Cross-Domain Few-Shot Semantic Segmentation via Doubly Matching Transformation

TL;DR

CD-FSS faces performance degradation when domain shifts separate source and target label spaces. DMTNet tackles this with SMT to derive query-specific, self-derived domain-agnostic features and DHC to exploit both foreground and background hypercorrelations, complemented by TSF for test-time adaptation. The approach achieves state-of-the-art MIoU on four diverse datasets in both 1-shot and 5-shot settings, confirming improved generalization and robustness to intra-class appearance variation.
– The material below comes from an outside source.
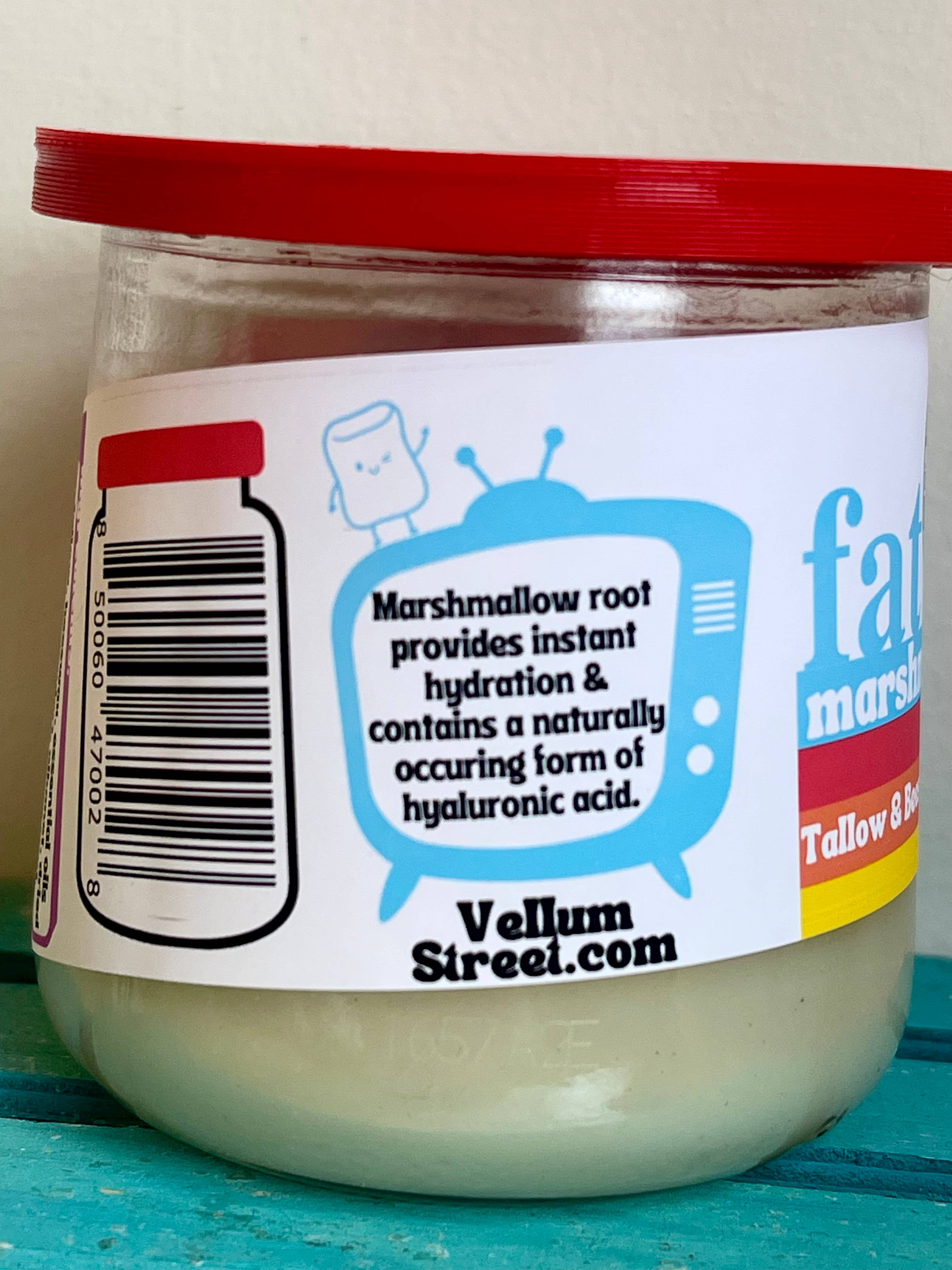 Fat marshmallow 4oz Tallow & Beeswax Solid Lotion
The combination of self-guided transformation, dual correlation learning, and lightweight test-time finetuning offers a practical framework for cross-domain segmentation with minimal support data.

Abstract

Cross-Domain Few-shot Semantic Segmentation (CD-FSS) aims to train generalized models that can segment classes from different domains with a few labeled images. Previous works have proven the effectiveness of feature transformation in addressing CD-FSS. However, they completely rely on support images for feature transformation, and repeatedly utilizing a few support images for each class may easily lead to overfitting and overlooking intra-class appearance differences. In this paper, we propose a Doubly Matching Transformation-based Network (DMTNet) to solve the above issue. Instead of completely relying on support images, we propose Self-Matching Transformation (SMT) to construct query-specific transformation matrices based on query images themselves to transform domain-specific query features into domain-agnostic ones. Calculating query-specific transformation matrices can prevent overfitting, especially for the meta-testing stage where only one or several images are used as support images to segment hundreds or thousands of images. After obtaining domain-agnostic features, we exploit a Dual Hypercorrelation Construction (DHC) module to explore the hypercorrelations between the query image with the foreground and background of the support image, based on which foreground and background prediction maps are generated and supervised, respectively, to enhance the segmentation result. In addition, we propose a Test-time Self-Finetuning (TSF) strategy to more accurately self-tune the query prediction in unseen domains. Extensive experiments on four popular datasets show that DMTNet achieves superior performance over state-of-the-art approaches. Code is available at https://github.com/ChenJiayi68/DMTNet.

Figures (4)

• Figure 1: Overall architecture of the proposed DMTNet. After obtaining the pyramid features of support and query images, Self-Matching Transformation module (SMT) learns each image a self-adaptive transformation matrix, to transform its domain-specific features into domain-agnostic ones. Then, the Dual Hypercorrelation Construction (DHC) module is introduced to construct dense correlations between the query image with both the foreground and background of the support image. In the meta-testing stage, the Test-time Self-Finetuning (TSF) strategy fine-tunes a few parameters of the encoder to further improve the segmentation performance.
• Figure 2: Qualitative results on the ISIC, Chest X-ray, Deepglobe, and FSS-1000 datasets under the 1-shot setting. The blue parts represent support masks and the red parts represent query masks and query predictions.
• Figure 3: Qualitative results w.r.t. SMT, DHC, and TSF. The first two columns show the ground truth of the support and query images. The third column shows the predicted masks of DMTNet. The fourth column shows the prediction masks without the TSF. The last column shows the prediction masks without DHC and TSF modules.
• Figure 4: Visualization results w.r.t. SMT. The first and second rows represent the feature distributions before and after applying SMT, respectively. The red dots represent the PASCAL VOC dataset and the blue dots represent the ISIC or FSS-1000 datasets.